しかも「手数料一律5千円」っていう非常に良心的な業者wでした(他のトコは2倍も3倍もふかっけてきた)
ちなみにこのチケット、その手の業者もほぼ全滅だったらしく、メチャメチャラッキーだった模様です。

で…2枚で1万円余分に払いましたが…

そのうち1枚をヤフオクで売ったので、ワタクシ…このプラチナライブをほぼ“タダ”で見ておりますw

僕の”最後の僅かな良心”としてw、利益が出ない価格で即決を設定したので、出品後に瞬殺でした(今なら確実に濡れ手に粟も掴むな~ピュアだったぞ俺w)。

と、今だから話せる懺悔は置いておいて…

3年ぶりのライブ、それもキャパ1000のハコでのプレミアムライブですよプ・レ・ミ・ア・ム~ライブ!!

まず、噂通りバックは全員ASKAバンドでした。

この意図が全くもって謎…

おそらくは“ASKAの暴走”なんでしょうけどw

ここからは想像ですが…

自分のバンドがいたくお気に入りのASKA様、kicksツアーの打ち上げとかで『今度チャゲアスでアンプラグドライブやるんだけど、それもこのバンドで演ってくれない』とスタッフやCHAGE側のネゴをしないまま決めてしまったとかそんな感じかと。

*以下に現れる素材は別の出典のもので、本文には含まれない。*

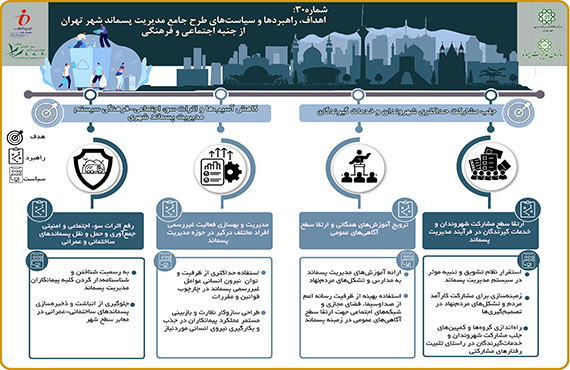 اینفوگراف-شماره-30-طرح-جامع-پسماند-شهر-تهران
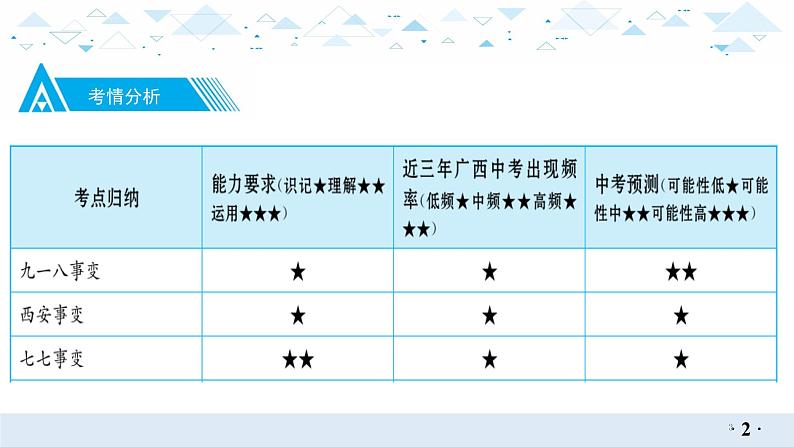 中考历史总复习11（中近）六、中华民族的抗日战争课件第3页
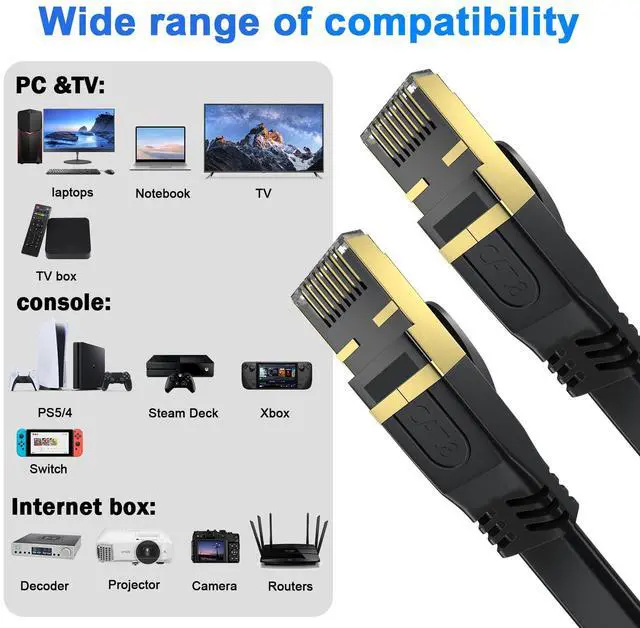 Alt view image 5 of 5 - Cat 8 Ethernet Cable 85 FT, Outdoor&Indoor High Speed Heavy Duty Network LAN Internet Cable,SFTP Gold Plated RJ45 40Gbps 2000Mhz Patch Cord, for Modem/Router/Gaming,Faster Than Cat7/Cat6/Cat5 Black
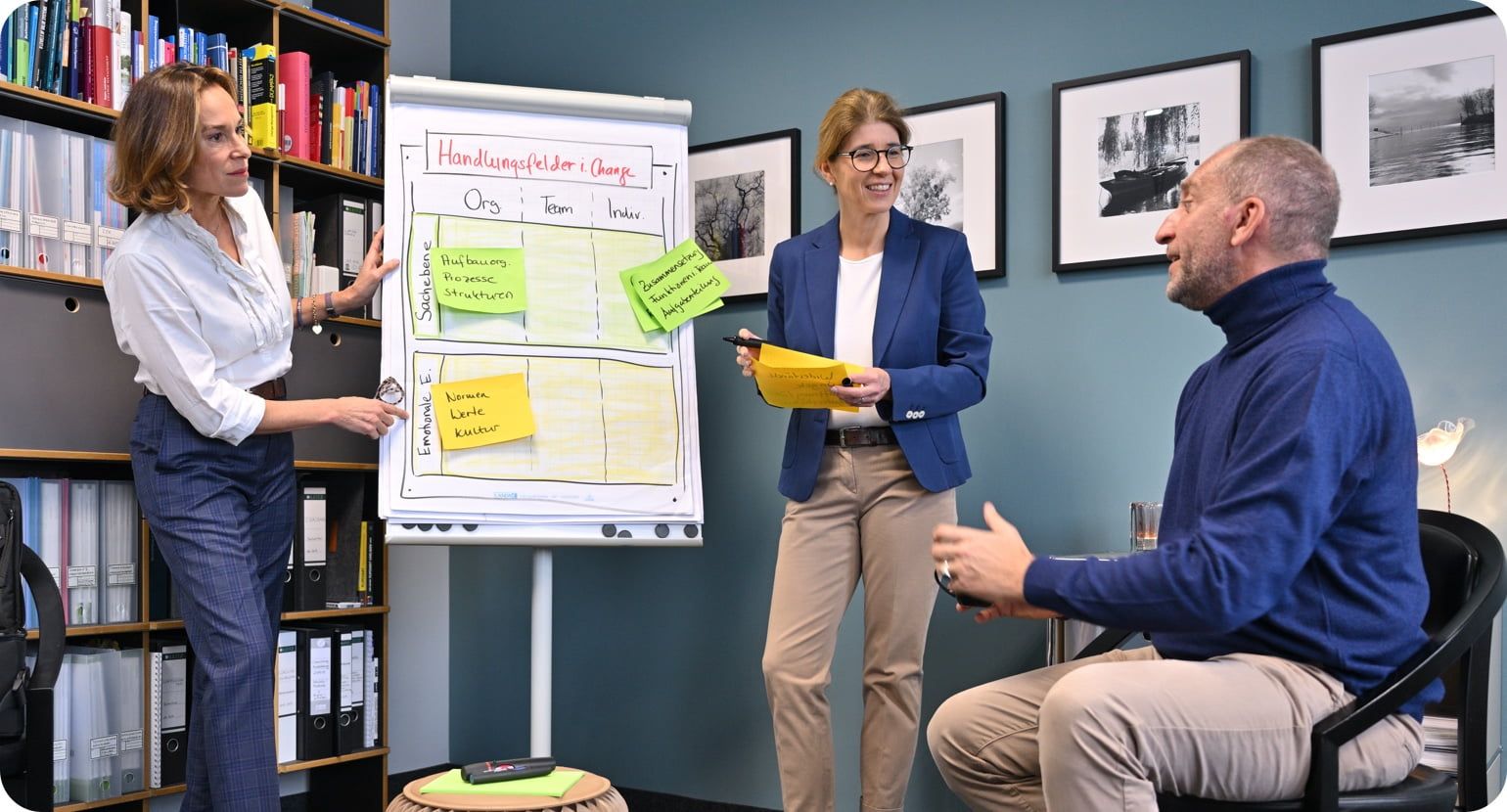 Moderations beteiligungsprozesse 1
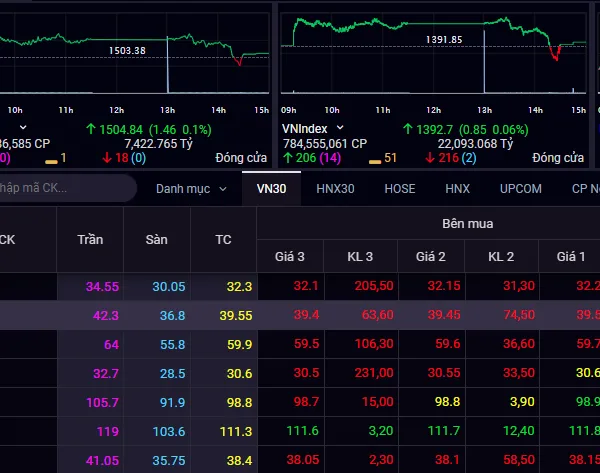 Làm sao có thể phân biệt được chỉ số Dow Jones và chỉ số VN Index?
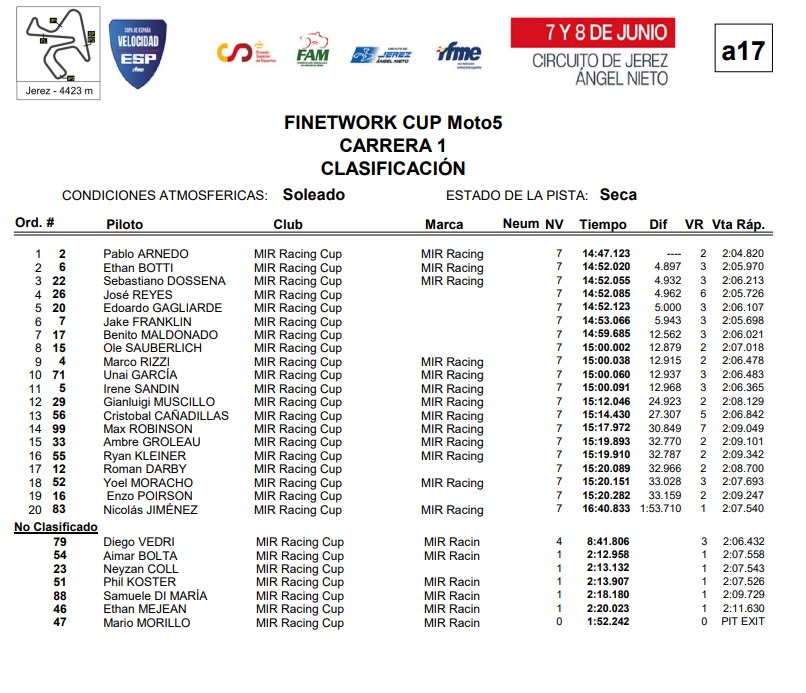 Pablo Arnedo wins Race 1 of Mir Racing Moto5;

🥇 Pablo Arnedo 
🥈 Ethan Botti 
🥉 Sebastiano Dossena 

4th. Jose Reyes 
5th. Edoardo Gagliarde 
6th. Jake Franklin 
7th. Benito Maldonado 
8th. Ole Säuberlich 
9th. Marco Rizzi
10th. Unai Garcia

📷 Artpicsonja

#MotoGP #MirRacing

まぁ、どっちかというと同期をベースとしたカチッとした演奏が得意なBLACK EYESよりも、“生のバンド感”という意味でASKAバンドが向いているという音楽的なメリットも分かるんですが、そういう単純なハナシではないような気がしますね。

てなわけで本編。

とりあえず代々木や武道館のスタンドからしか見たことのないおふたりが、ライブハウスのステージに登場するわけですよ。

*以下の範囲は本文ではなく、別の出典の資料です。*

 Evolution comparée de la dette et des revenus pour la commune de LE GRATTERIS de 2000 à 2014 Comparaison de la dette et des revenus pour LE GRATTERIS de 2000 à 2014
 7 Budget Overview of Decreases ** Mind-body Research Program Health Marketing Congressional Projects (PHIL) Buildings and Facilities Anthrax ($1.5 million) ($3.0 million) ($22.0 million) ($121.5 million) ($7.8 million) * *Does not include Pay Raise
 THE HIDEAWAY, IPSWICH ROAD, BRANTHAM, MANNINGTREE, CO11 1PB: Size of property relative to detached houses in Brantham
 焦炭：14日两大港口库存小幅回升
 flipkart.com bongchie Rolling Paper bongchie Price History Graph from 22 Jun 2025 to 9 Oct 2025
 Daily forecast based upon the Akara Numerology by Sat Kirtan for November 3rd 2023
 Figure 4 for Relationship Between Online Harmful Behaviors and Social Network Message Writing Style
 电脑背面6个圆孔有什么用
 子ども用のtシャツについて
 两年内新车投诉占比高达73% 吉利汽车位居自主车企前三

“狭いよぉ~近いよぉ~ASKAさまぁ~”という感じw

肉眼でご本尊のお顔が拝める距離での登場は感動がありました。

だけどこのライブ…ビックリするほどその後の印象が薄い…

再考~の時も書いたけど、僕は1回見るとセットリストとか流れをかなり覚えてるんだけど、このライブに関してはネットでセトリを拾うまで全然思い出せなくて。

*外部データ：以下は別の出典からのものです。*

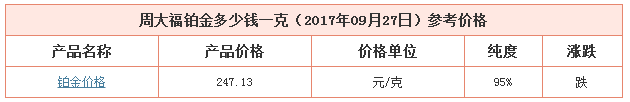 今日周大福鉑金價格資料圖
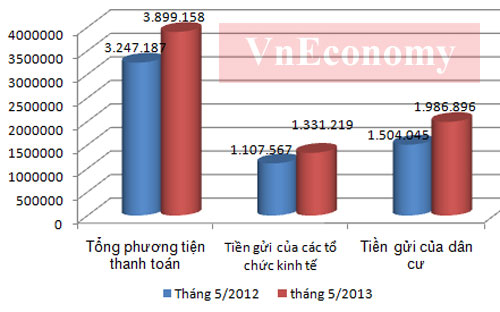 Thăng trầm ngành 88PG88 ưu đãi hấp dẫn mỗi ngày một năm qua các con số 1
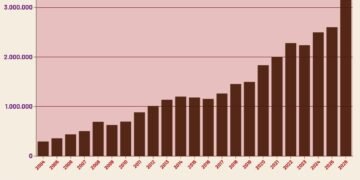 Belanja Pemerintah Pusat 2004-2026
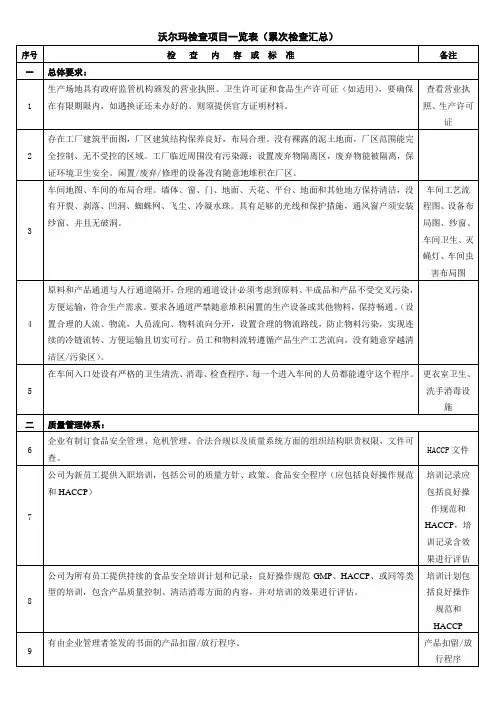 沃尔玛检查项目一览表屡次审核汇总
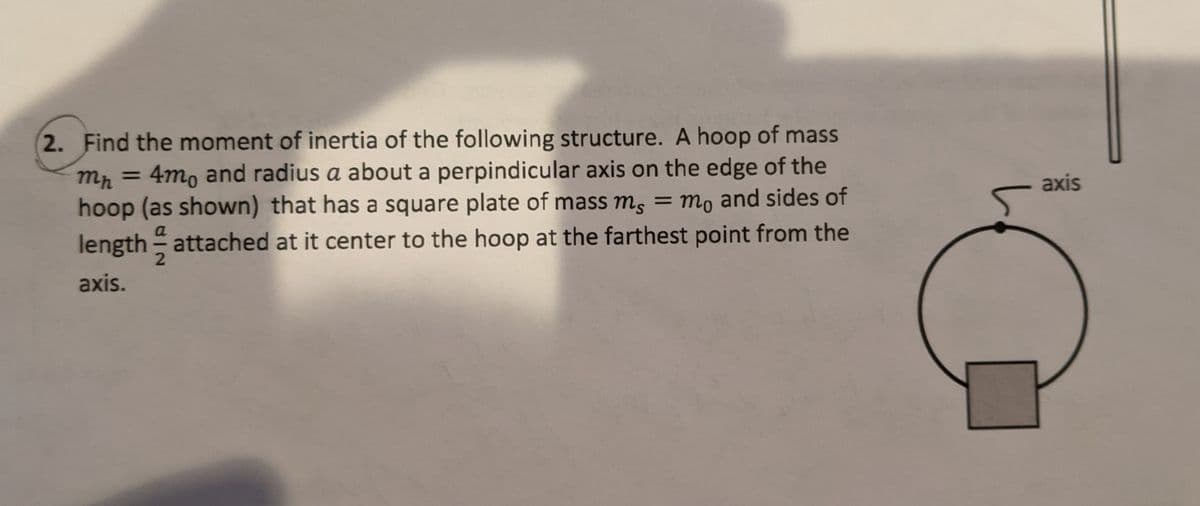 2. Find the moment of inertia of the following structure. A hoop of mass
mp = 4m, and radius a about a perpindicular axis on the edge of the
hoop (as shown) that has a square plate of mass m, = mo and sides of
length - attached at it center to the hoop at the farthest point from the
axis
a
axis.
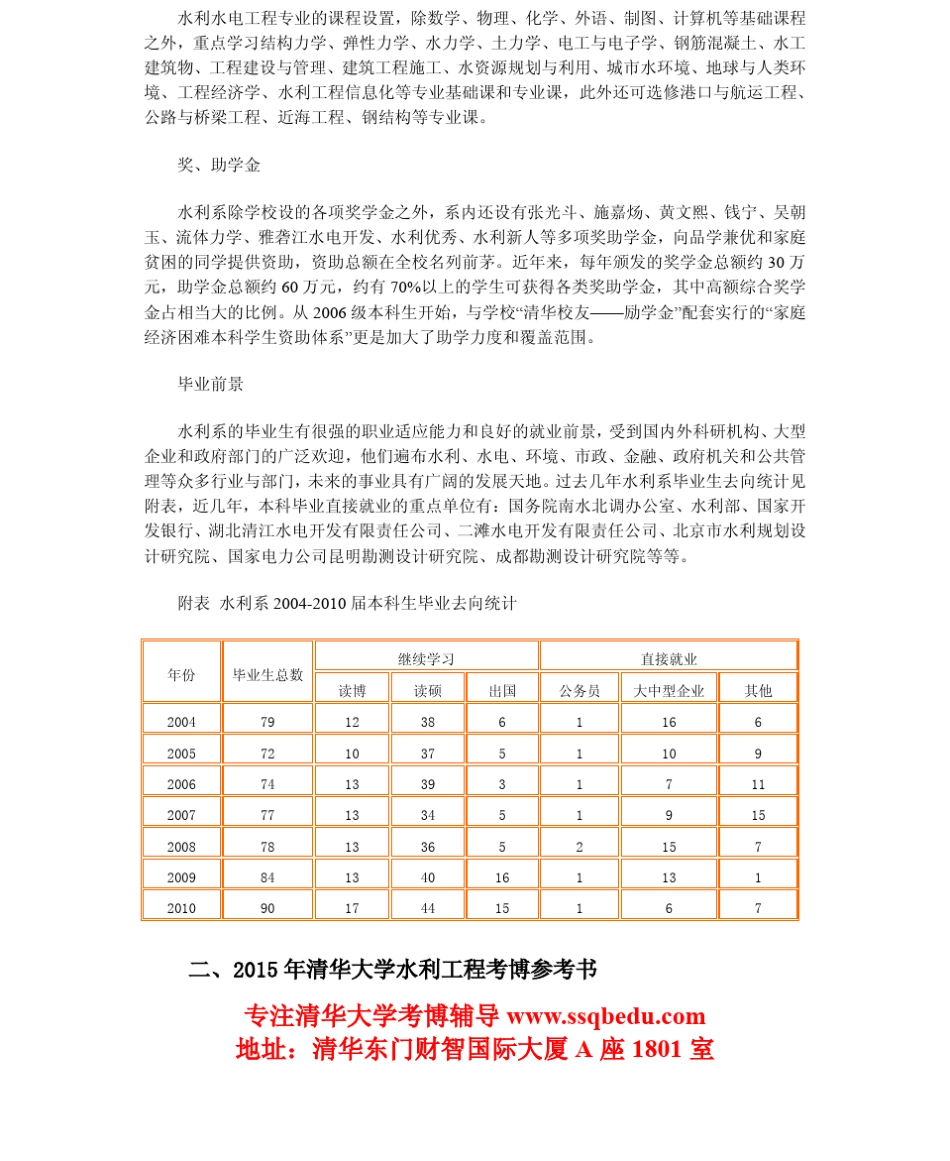 2015年清华大学水利工程考博(水利水电工程系)参考书、真题、报录比、复试分数线、招生专业目录_第3页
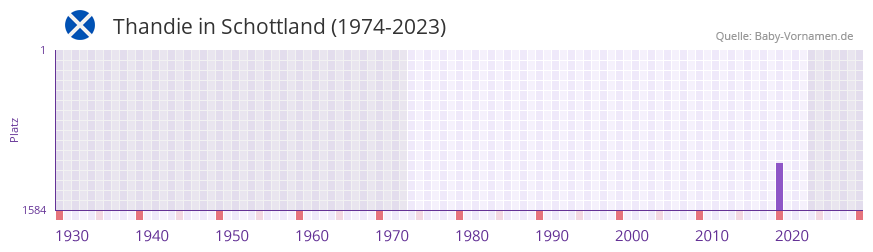Thandie in der Vornamen-Hitliste von Schottland (1974-2023)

“1曲目何だったっけ~?”と思ってたら『SAY YES』だったというw


映像は後の武道館の時のです

記憶をたどると『よっけっぃなぁ~』で大歓声が起こったんだけど、その後のASKAのあまりの声が出てなさっぷりに心配モードに入っちゃったとかそんな感じだった気がします。
しかもアンプラグドの薄い演奏なので、よりボーカルの状態が悪いのが目立っちゃうという…汗

「久しぶりのチャゲアスだ~うぉ~!!」と脳内補正かけて無理からテンションを上げてた気がしますw

全体を通して“ここが凄かった!・感動した!”みたいのが残ってないんですよね…

とりあえず覚えていることをつらつらと挙げてみると


・『群れ』の完成度が群を抜いて高かった
・『HEART』のアレンジ、流石に無理がないか?
・初期の名曲『安息の日々』を聴いて、隣の初期からのファンと思わしきオバチャンが号泣してた(でも僕含めSAY YES以降のファンは割とキョトンw)
・追加された女性コーラス(田中雪子)が大滝裕子より好みw
・『トーキョータワー』をチャゲアスで演ったんだけど、散々CHAGEソロで聴いてたんで“それここで演る必要ある?”とテンションが下がった
・『no no darlin'』のゴスペルっぽいアレンジはあれはあれでありだと思う
・全部で15曲位だったかな?(実質タダで見てるのに)“これで1万円はないわー”とブーたれた


今見ると意外とカッコいいなw

やはり、印象が希薄なライブですね・・・。

ちなみにブリッツ2日だけは流石にマズイと思ったのか、その後ファンクラブ限定でほぼ同内容のライブ(たしか差は『REASON』が加えられただけだった気がする)を大阪・東京の1万人クラスの会場で開催しました。
“抽選”とするには外れる人数が微妙だったらしく、急遽東京で昼夜の2回公演を実施、1回目はガラガラの武道館でライブという珍しいコトがありましたね。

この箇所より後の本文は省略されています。